I made a sticky to write in “[Why invest in intellectual production techniques?
- [[Luddite]] Exercise 1811-1817
- Is it right to increase production?
- Socks are more likely to be mass-produced.
- Increased productivity leads to oversupply.
- If you are productive faster than others, you get paid more than others.
- The same behavior by those around you results in no advantage.
- There is no point in efficiently producing something that does not lead to customer value.
- You can’t efficiently produce what your customers don’t want.
- Customer value, not quantity
- Understanding cost of customer value
- As the evolution of programming languages increases the efficiency of program production, the relative importance of the ability to determine “what should be made” will increase.

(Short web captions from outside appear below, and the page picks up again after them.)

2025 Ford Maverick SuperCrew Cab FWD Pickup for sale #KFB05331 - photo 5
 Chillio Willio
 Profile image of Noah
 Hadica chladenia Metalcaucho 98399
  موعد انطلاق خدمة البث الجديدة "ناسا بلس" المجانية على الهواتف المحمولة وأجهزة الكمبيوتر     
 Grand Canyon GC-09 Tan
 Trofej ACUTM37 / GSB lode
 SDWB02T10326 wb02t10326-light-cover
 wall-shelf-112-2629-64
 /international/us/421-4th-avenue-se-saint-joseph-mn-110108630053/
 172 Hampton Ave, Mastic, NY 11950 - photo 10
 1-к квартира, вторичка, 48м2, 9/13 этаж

- Productivity gains from programming languages have also increased the productivity of the programming language itself, which is a tool for improving that productivity.
-
Approach to increase quality and speed by doing the same thing over and over again → exterminated
-
Questioning assumptions double-loop learning.
-
The task of questioning assumptions and breaking repetitive loops remains a difficult task to mechanize.
-
Learn unfamiliar areas
-
Ability to learn what no one knows the right answer to yet.
-
Sustained improvement = good?
-
penetrate
- Sustained Improvement is good in the beginning when customer needs are not yet being met, but as it continues, it will eventually penetrate the Clouds of customer needs and come out on top.
-
Until now, “what was considered good” has replaced “not good” over time.
-
This page is auto-translated from /nishio/なぜ知的生産術に投資するのか、の補足 using DeepL. If you looks something interesting but the auto-translated English is not good enough to understand it, feel free to let me know at @nishio_en. I’m very happy to spread my thought to non-Japanese readers.